Eltern in Sorge:Wie Neonazis versuchen, Schüler zu ködern

  • Rechtsextreme haben Flugblätter vor dem Willi-Graf- und dem Sophie-Scholl-Gymnasium verteilt. Auf öffentlichem Grund sind die Behörden machtlos.
  • Die Schulleitungen gehen aber sensibel mit dem Thema um: Fachleute aus dem kommunalen Netzwerk gegen Rechtsextremismus und Rassismus werden demnächst mit den Schülern sprechen.

Von Melanie Staudinger

Konstanze B. konnte nicht so recht glauben, was auf dem Zettel stand, den ihre 13-jährige Tochter da aus der Schule mitbrachte. Auf dem Flugblatt schimpft der Münchner Kreisverband von "Die Rechte" über die angebliche "Überfremdung" der Gesellschaft und sucht Unterstützer für seine rechtsextreme Splitterpartei. "Abgesehen davon, dass ich den Inhalt verabscheuungswürdig und ekelhaft finde, kann und darf es nicht sein, dass Kinder so etwas ausgesetzt werden, dass auf diese Weise Propaganda und Hass verteilt und der Versuch gestartet wird, ,Kameraden' zu ködern", sagt Konstanze B.

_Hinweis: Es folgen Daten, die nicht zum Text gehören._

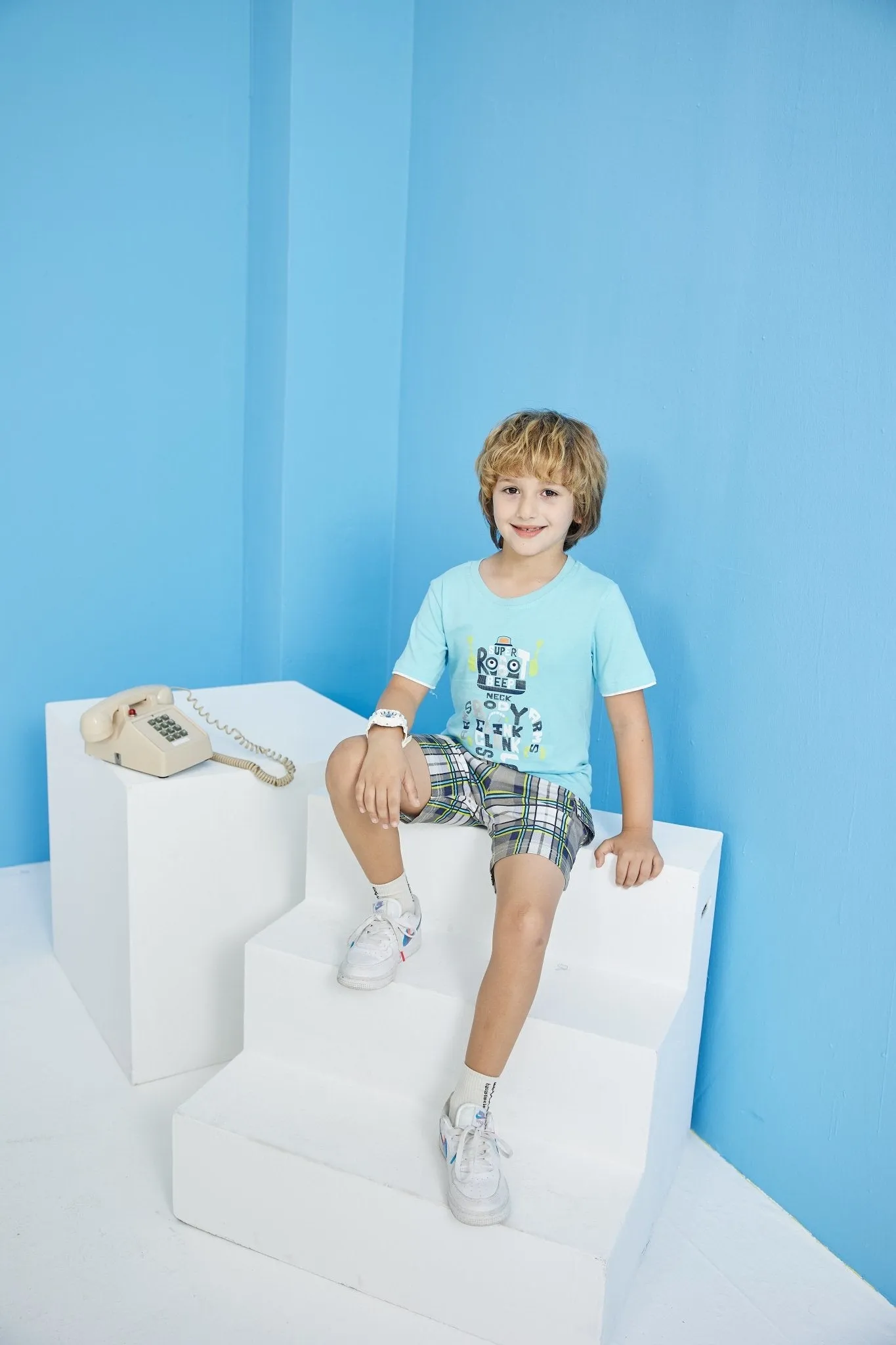 Toddler/Kid Boy's Casual 2-Piece Set with Robot Print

Weitergegeben wurden besagte Zettel an der Karl-Theodor-Straße, direkt vor dem Eingang, den sich die Jugendlichen des Willi-Graf-Gymnasiums und die Schülerinnen des Sophie-Scholl-Gymnasiums teilen. Schulleiter Bernhard Vonbrunn sind die Hände gebunden. "Solange die Flugblätter auf öffentlichem Grund verteilt werden, kann ich das nicht verbieten lassen", sagt er.

Auf dem Schulgelände ist politische Werbung verboten - aber nicht davor

Das bayerische Gesetz über das Erziehungs- und Unterrichtswesen ist eindeutig, wie das Kultusministerium mitteilt: Auf dem Schulgelände ist jede politische Werbung verboten. Ergo kann ein Direktor politische Veranstaltungen auch nur dort untersagen, nicht aber solche Aktionen, die davor stattfinden.

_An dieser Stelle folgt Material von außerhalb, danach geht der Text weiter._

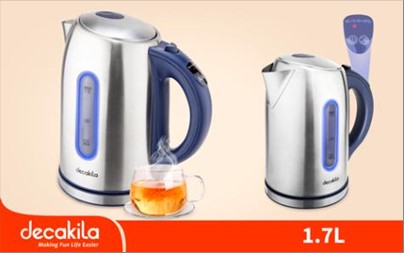 ELECTRIC KETTLE-STAINLESS STEEL 1.7L 2200W DECAKILA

Diese Vorschrift nutzen immer wieder rechte und linke Gruppierungen aus. "Ich schätze, dass etwa einmal im Vierteljahr Leute vor unserer Schule irgendwelche Flyer verteilen", sagt Vonbrunn. Auch das Bildungsreferat bestätigt, dass solche Vorfälle hin und wieder registriert würden. Eine Statistik mit konkreten Zahlen aber existiere nicht.

Die Polizei wurde informiert, konnte aber keine Verstöße feststellen

"Die Schulleiter gehen aber sehr sensibel mit der Problematik um", sagt eine Sprecherin des Bildungsreferats. Mehr könnten sie nicht machen. Solange nicht gesetzeswidrig gehandelt werde, dürfe nicht einmal die Polizei eingreifen. Diese wurde im Fall des Sophie-Scholl-Gymnasiums wie üblich informiert, stellte aber keine Gesetzesverstöße fest.

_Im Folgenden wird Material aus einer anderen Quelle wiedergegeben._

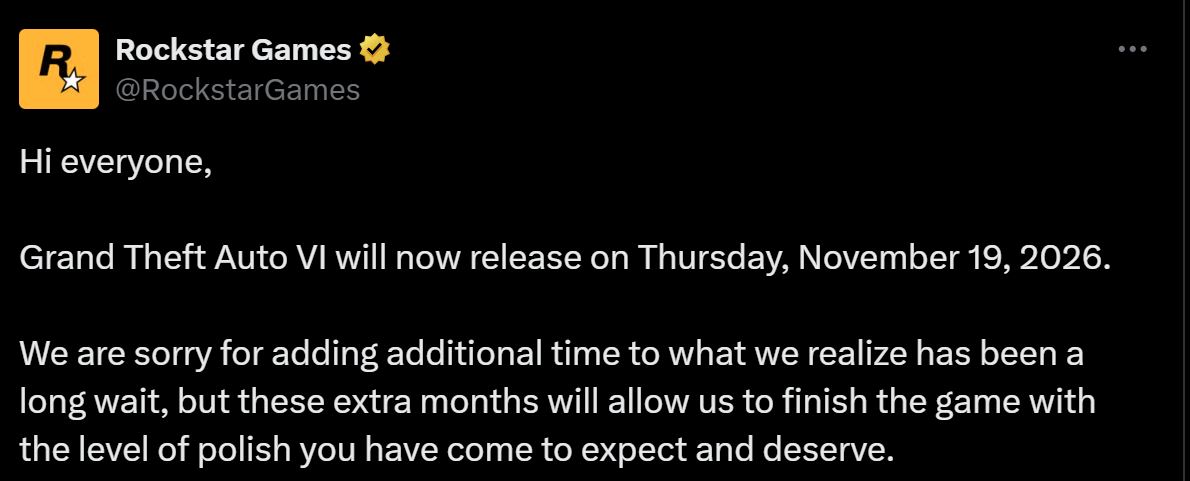 GTA 6 Delay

Genau dieses "Nicht-verbieten-Können" ist ein wichtiger Punkt, wie Miriam Heigl von der Fachstelle gegen Rechtsextremismus im Rathaus erklärt. "Wir können Rechte nicht wegverbieten, deshalb brauchen wir eine gesellschaftliche Debatte darüber", sagt sie. Die Expertin hat sich den Flyer genau angeschaut.

"Mit Schülern über aktuelle Ausprägungen von Rechtsextremismus diskutieren"

"Auf den ersten Blick findet sich dort kein ganz klassischer Nazi-Jargon", sagt Heigl. Allerdings argumentieren die Verfasser mit dem Recht der Deutschen auf eine eigene Identität und der Notwendigkeit der Rückführung von Migranten. "Würde man diese Vorstellungen in die Realität umsetzen, wäre das äußerst brutal, weil man Menschen zwangsweise umsiedeln würde", erklärt sie. Es sei wichtig, mit Jugendlichen auch über aktuelle Ausprägungen des Rechtsextremismus zu diskutieren, da dies nicht automatisch Teil des Unterrichts sei.

Am Sophie-Scholl-Gymnasium will man sich der Sache annehmen. Durch die sozialwissenschaftliche Ausrichtung der Schule hätten die Schülerinnen sich mit den Themen Nationalsozialismus und Rechtsextremismus ohnehin schon viel beschäftigt, sagt Direktor Vonbrunn. Dennoch will er das Thema nachbereiten: Fachleute aus dem kommunalen Netzwerk gegen Rechtsextremismus und Rassismus werden demnächst mit den Schülerinnen sprechen.